As aforementioned, most of the Japanese workforce has embarked on working in different industries such as service industries and other light industries. This has led to low rate of production of agricultural products in the country. Being one of the most populace countries in the world, it means that there is high need for agricultural products in the country (Dubai Chamber. 2007, para. 6). Only thirteen percent of the country’s land is suitable for farming. This is not enough to supply the entire population with food. It is with this effect that Japan has been found to depend on imported agri-food. 60% of food consumed in the country is imported. Increase in the rate of aging population in Japan has led to high need for healthy food and organic products. Saskatchewan, being one of the main producers of these products has high opportunity of investing in Japanese market. In addition, demand for animal feeds, barley malt, cereals and pork is high in the country (Government of Saskatchewan. 2008, para. 1-3). The products not being produced in Japan leads to the country depending on imports. This gives potential producers of the products a ready market.
In most cases government regulations are seen as the main drawback to direct foreign investment. Countries come up with regulations that restrict foreign investors from venturing into their markets. Most of these regulations are aimed at protecting domestic industries from competition. Japanese government has eliminated most of the regulations that for many years rocked foreign investors out of the Japanese market. This has led to increase in the number of direct foreign investors venturing in service industry.

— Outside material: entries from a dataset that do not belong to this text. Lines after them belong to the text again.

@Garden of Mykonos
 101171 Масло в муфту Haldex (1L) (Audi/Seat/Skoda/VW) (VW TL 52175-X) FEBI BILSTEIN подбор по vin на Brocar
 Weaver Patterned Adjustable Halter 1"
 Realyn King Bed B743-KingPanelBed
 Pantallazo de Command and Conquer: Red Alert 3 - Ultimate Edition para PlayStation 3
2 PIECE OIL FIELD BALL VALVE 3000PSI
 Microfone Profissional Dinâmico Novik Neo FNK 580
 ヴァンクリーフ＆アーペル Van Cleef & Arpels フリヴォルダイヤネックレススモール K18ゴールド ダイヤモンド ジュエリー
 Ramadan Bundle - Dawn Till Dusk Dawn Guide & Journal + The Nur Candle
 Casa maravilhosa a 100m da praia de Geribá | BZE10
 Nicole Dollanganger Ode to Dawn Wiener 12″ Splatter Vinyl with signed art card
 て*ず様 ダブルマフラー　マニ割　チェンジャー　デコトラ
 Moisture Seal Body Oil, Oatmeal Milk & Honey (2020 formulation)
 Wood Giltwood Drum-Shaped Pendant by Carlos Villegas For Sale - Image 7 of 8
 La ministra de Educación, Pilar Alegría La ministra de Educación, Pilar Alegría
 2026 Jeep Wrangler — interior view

Despite the government removing these regulations, there are still industries that foreign investors have not yet agreed to venture in. These include real estates, construction, medical services and civil engineering (European Commission. 2010, para. 3-6). The main reason why there has not been direct foreign investment in these industries is not due to presence of regulations that directly restricts foreign investors rather; some of the current investment regulations scare investors from investing in these industry.
Based on the analysis of the Japanese market, it is one of the markets with high potential for investors. Being one of the countries with a high number of income earners, it means that most of the people in the country are capable of purchasing products. Its stable currency coupled with favorable economic policies means that investors will be able to get returns from the market. Increase in the number of aging population in the country implies that in near future, Japan will face a shortage in the workforce. This will lead to the country depending on importation of most of the vital products. This gives potential exporters an opportunity to venture into this market.